Dicho esto echó hacia atrás la silla y luego salió del restaurante. Kenneth se acercó al mostrador y sacó tres billetes de veinte dólares.

– No vuelvas tú solo por aquí, tío -le advirtió el dueño.

Una vez en la calle, Matthew se dirigió de nuevo hacia el Buick azul oscuro de Kenneth y subió a él; al hacerlo, la suspensión rebotó arriba y abajo. Luego se armó de paciencia y aguardó a que Kenneth lo llevara a casa.

Kenneth se detuvo un momento a la puerta del restaurante y se quedó mirando cómo ardía Roxbury; oyó a media distancia el plano traqueteo de las armas de fuego semiautomáticas y los sonidos armónicos que producían los rebotes. Por primera vez en toda su carrera política se daba cuenta de que no entendía en absoluto qué estaba ocurriendo en Boston; ni en ningún otro lugar de América. Por primera vez en su vida, Kenneth tuvo una auténtica sensación de miedo.

SIETE

Joe Garboden dejó los faxes sobre el escritorio y se acomodó en el sillón de cuero.

– Están demasiado oscuras -comentó-. Esta de aquí parece tomada a medianoche.

– Pero se puede distinguir el cuerpo de O'Brien -insistió Michael-. Mira… ésa es la curva de la espalda… ahí es donde hubiera debido estar la cabeza.

– Bueno, eso son indicios -admitió Joe-. Pero están muy lejos de constituir una prueba.

– Las pólizas de seguros de O'Brien con Plymouth Insurance le cubrían en caso de muerte o de lesiones causadas por accidente -dijo Michael-, pero no por acciones de guerra, terrorismo u homicidio. Le cortaron la cabeza, por el amor de Dios. ¿Qué clase de accidente es ése?

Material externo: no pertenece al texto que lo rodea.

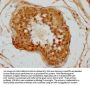 CTNNA3 Antibody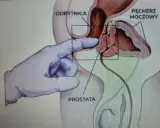 Ilustracja medyczna pokazująca palec w rękawiczce wykonujący masaż prostaty przez odbytnicę.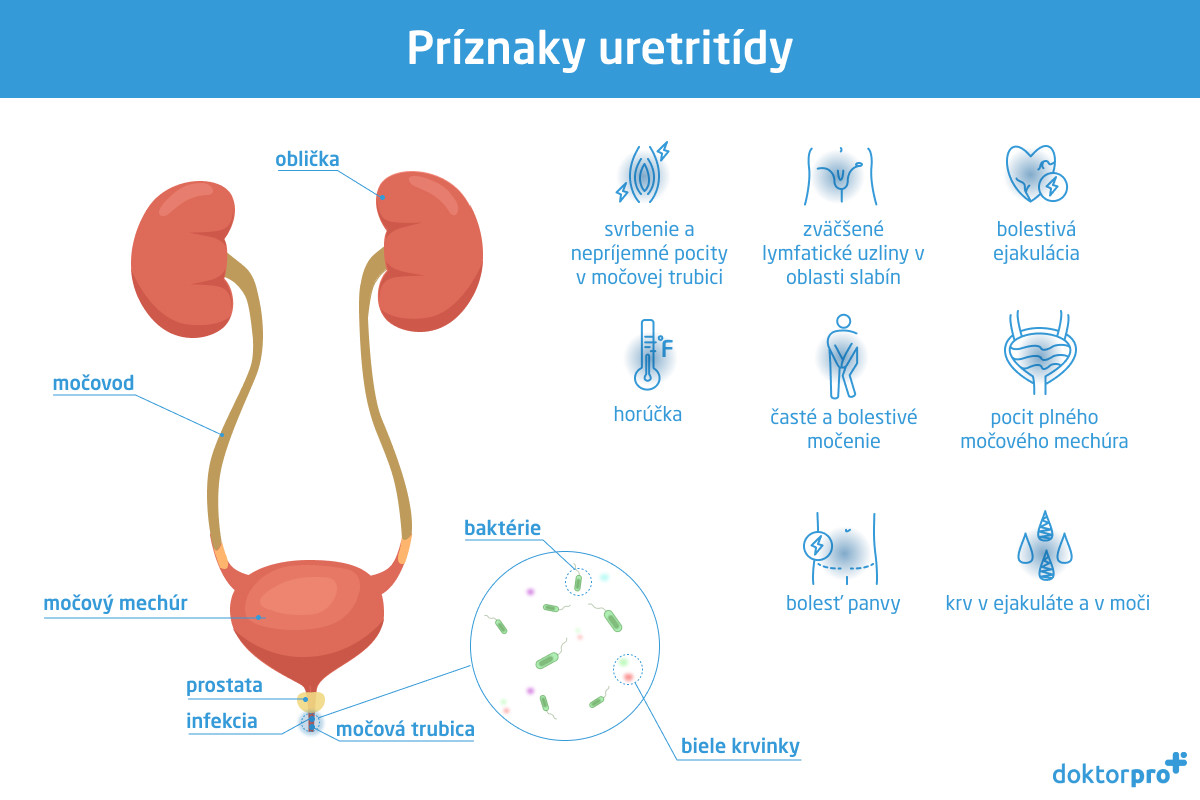 Príznaky uretritídy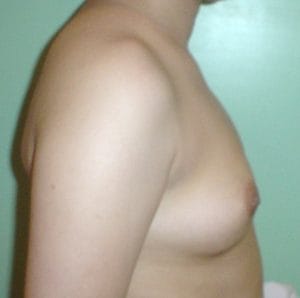 Breast Enlargement using Silicon Implant at Best Plastic Surgery in Egypt Before Side view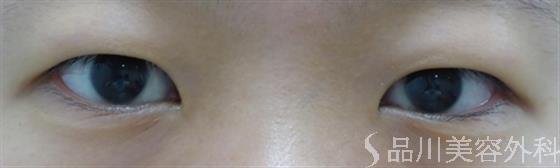 症例NO.27899のBEFORE写真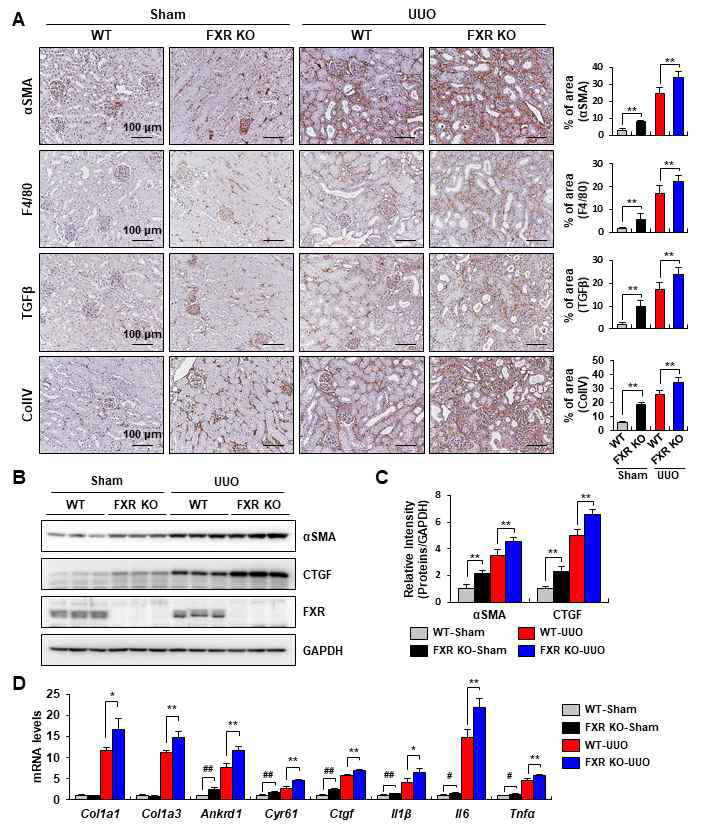 The loss of FXR increases fibrotic and YAP target gene expression in sham and UUO models. The left ureter of male wild-type(WT) and FXR knockout (FXR KO) mice was ligated for 7 days. Mice were euthanized 7 days after sham surgery (n=8) or UUO (n=8). (A) Paraffin–embedded kidney tissue sections from sham or UUO mice were stained with αSMA, F4/80, TGFβ, and ColIV antibodies (scale bar 100 μm). Computer-based morphometric analysis of kidney fibrosis in the UUO model (Right bar graph, n =10 in each group). (B) Protein levels of αSMA, CTGF, and FXR were detected by immunoblot. (C) Relative protein levels were shown. The values for WT-Sham group are set to 1. (D) The mRNA levels of indicated genes were measured by qRT-PCR. All values are presented as mean ± SD. (n =8 in each group). Statistical significance was measured using the one-way ANOVA with the Fisher least significant difference post-test. *P<0.05, **P<0.005 and NS, statistically not significant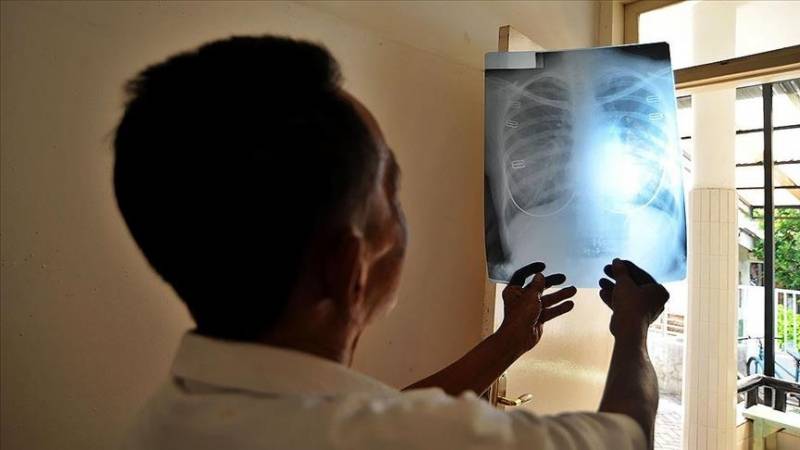WHO reports increase in tuberculosis deaths for 1st time in more than decade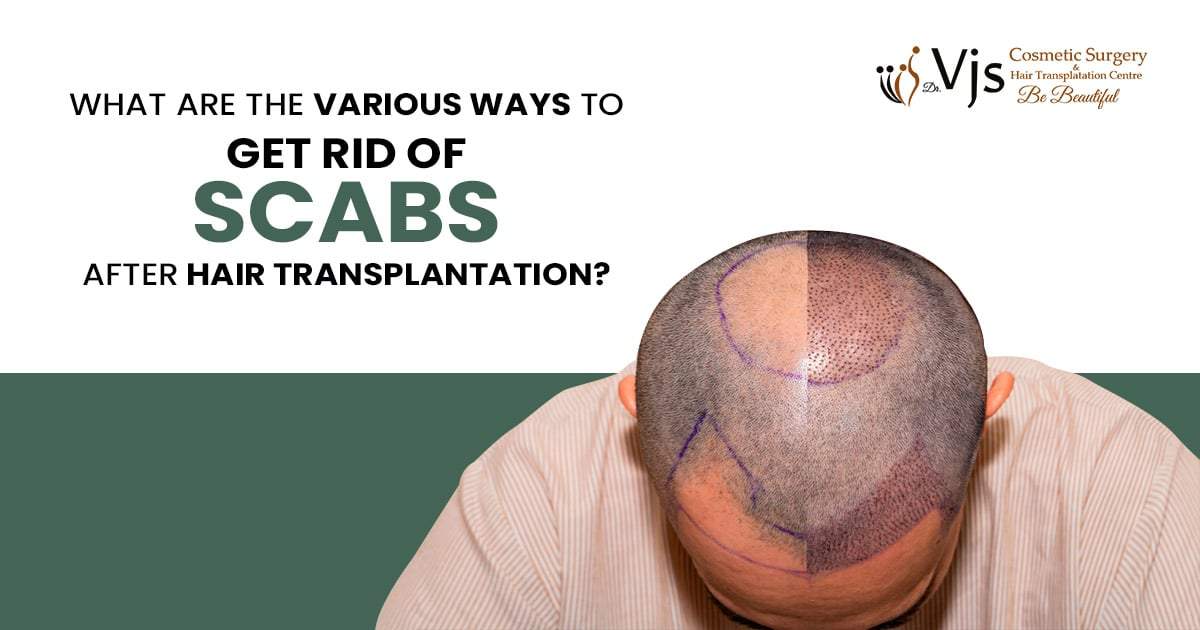 What are the various ways to get rid of scabs after hair transplantation?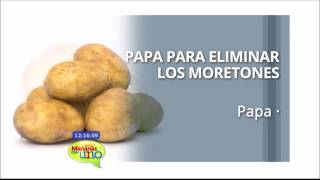 Papa para eliminar moretones [upl. by Estele579]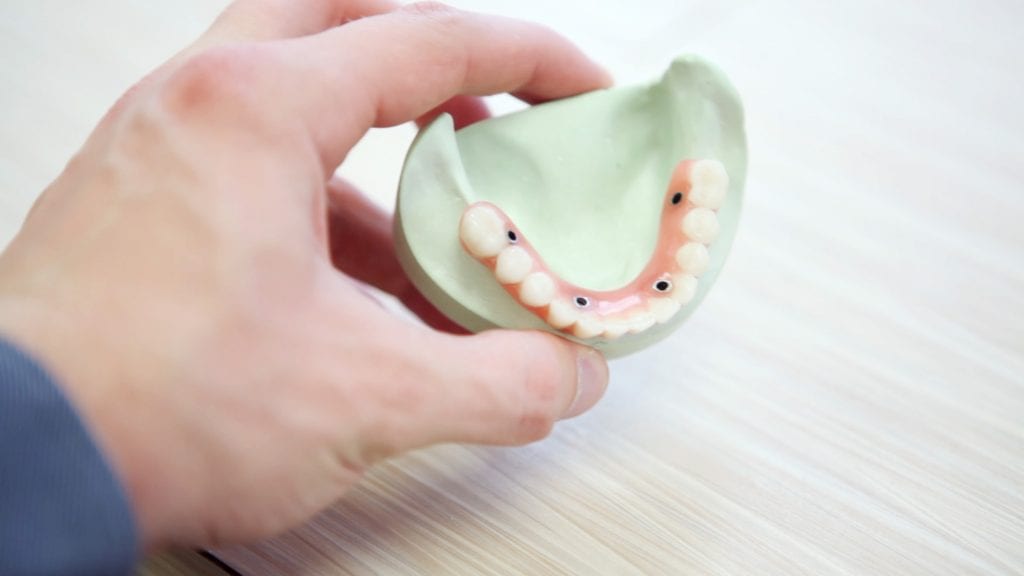 Why Dental Implants Are The Best Treatment For Missing Teeth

– Ya ha habido algunos casos de personas que han resultado decapitadas en accidentes -le contestó Joe-. Acuérdate de la pobre Jane Mansfield. ¡Y pensar que esa mujer me volvía loco cuando yo tenía quince años!

Michael recogió los faxes y volvió a ponerlos dentro del sobre.

– Aquí tenemos suficiente para retar al forense a que nos enseñe los originales.

– Vamos, Michael, tenemos que ir con pies de plomo en este asunto. Esas fotos son pruebas policiales. Ni siquiera estoy seguro de que no estuvieras infringiendo la ley al copiarlas. Primero quiero consultar con nuestros abogados. No vamos a poner en peligro el caso por una actuación ilegal.

– Si un juez del Tribunal Supremo ha sido asesinado, ¿no crees que todo el mundo tiene derecho a saberlo, prescindiendo de cómo se haya obtenido la información? Es decir, dejando aparte los intereses que Plymouth Insurance tenga en el asunto.

– Esos faxes no constituyen una prueba concluyente de que fuera asesinado. Como tampoco lo son las fotografías de donde los has copiado. Tú dices que los muslos cercenados de McAllister estaban cauterizados y que las visceras de la señora O'Brien se encontraban resecas a causa del calor… pero la tuya no es la opinión de un experto. Necesitamos ver el informe de la autopsia que hizo Moorpath y el informe del accidente de la Administración Federal de Aviación antes de poder afirmarlo con seguridad. -Joe se aclaró la garganta y luego continuó-: Estoy de acuerdo contigo… parece probable que O'Brien y su familia fueran asesinados. Pero no podemos arriesgarnos a comprometer el caso de Plymouth o su reputación saltándonos la ley a la torera.

Michael sabía que Joe tenía razón. Los jueces estaban poniéndose cada vez más críticos acerca de hasta dónde podían llegar las compañías de seguros para intentar evitar el pago de reclamaciones dudosas. Plymouth Insurance ya se había visto humillada en una ocasión aquel año, cuando cierto juez de un tribunal de apelación había rechazado como prueba la grabación de una conversación telefónica mantenida por una mujer que, supuestamente, se había quedado muda a resultas de un accidente de coche, porque le habían intervenido el teléfono ilegalmente.

– De acuerdo -le dijo a Joe-. Seguiré estrechando el cerco paulatinamente.